Tuesday 13 May 2008

Tourniquets for blood pressure are available on freecycle, a large quantity, in many sizes- including for large arms or thighs. This has to be one of the oddest offers yet on Freecycle. The donor asks that in your reply, you state what you intend to use them for. I mean, isn't that fairly obvious? For attaching tomatoes to trellises? How many uses can you find for such an item, and how on earth did this person have so many of said items to give away? If I was an NHS money person, I would be down on them like a shot. Probably been prowling around the wards at night, pilfering. Daresay they will be offering compression stockings next week.
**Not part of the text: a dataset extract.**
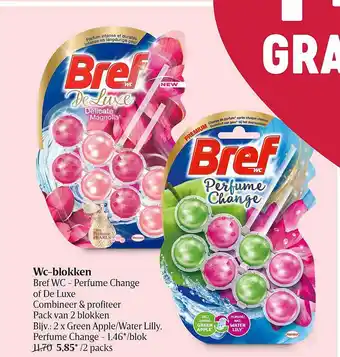 Bref Wc Perfume Change Of De Luxe Wc-blokken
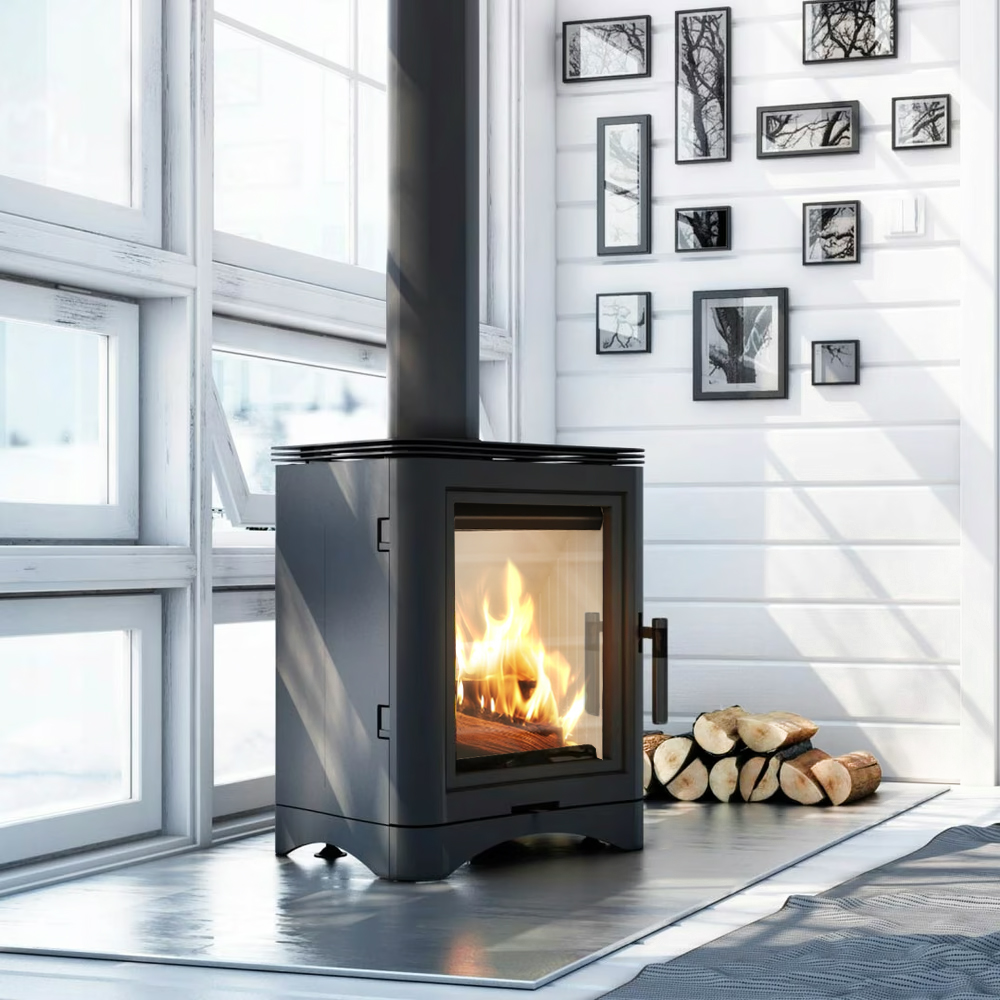 Krbová kamna KRATKI KOZA K5 (150mm), černá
I have had two pleasant days at work, teaching (obviously, as a day at my church work would never get the adjective pleasant). In Year 3, with the same charming bunch of children who are happy to accept me as a fruitbat substitute for their normal mega organised teacher. Seriously, I come way down the organisational heroes table at school. If I am the most organised person you have met, you need to spend some time with some other primary school teachers. I mean, one time, I forgot to take any shoes to work! And it was one of the only times the headteacher ever noticed that I existed - and she noticed, of course, my lack of footwear. We made rainforest noises with untuned percussion instruments, did some control ICT, some reading, a spelling test and two maths tests today. Yesterday was an English test, turning paper brown for old map making, more English, more reading, reading and drama about the environment and sprint time trials. Do you remember that excrutiating, or exhilirating afternoon from your childhood? Either chafing thighs and flapping arms, or a secure place in the school team and a time under 10 seconds for the 100m. Every adult is at one end or other of the sporting spectrum, there is no one who sits in the middle when it comes to memories of school sports days. My own memories of being 5 and having to restart the obstacle race over and over again because I couldn't balance the bloody beanbag on my foot are so excrutiating as to need hypnosis to get over. Horrid, horrid day. I had an allegedly evil, really evil teacher in the Reception year, and horrible memories, it was a dreadful epiphany for me and maybe my becoming a teacher is an attempt to make amends and to be a Miss Honey, saving other children from the doom of their childhood being scarred by Mrs Walker. Lets assume she's dead, shall we, as she was old and grey in 1978. At best, lets hope she is dribbling in a room that smells of wee with Jeremy Kyle on all day. Ha! A fate worse than death.

Glad to air those views globally. If Mrs Walker is reading this and my comments appear libelous, remember I said allegedly, won't you?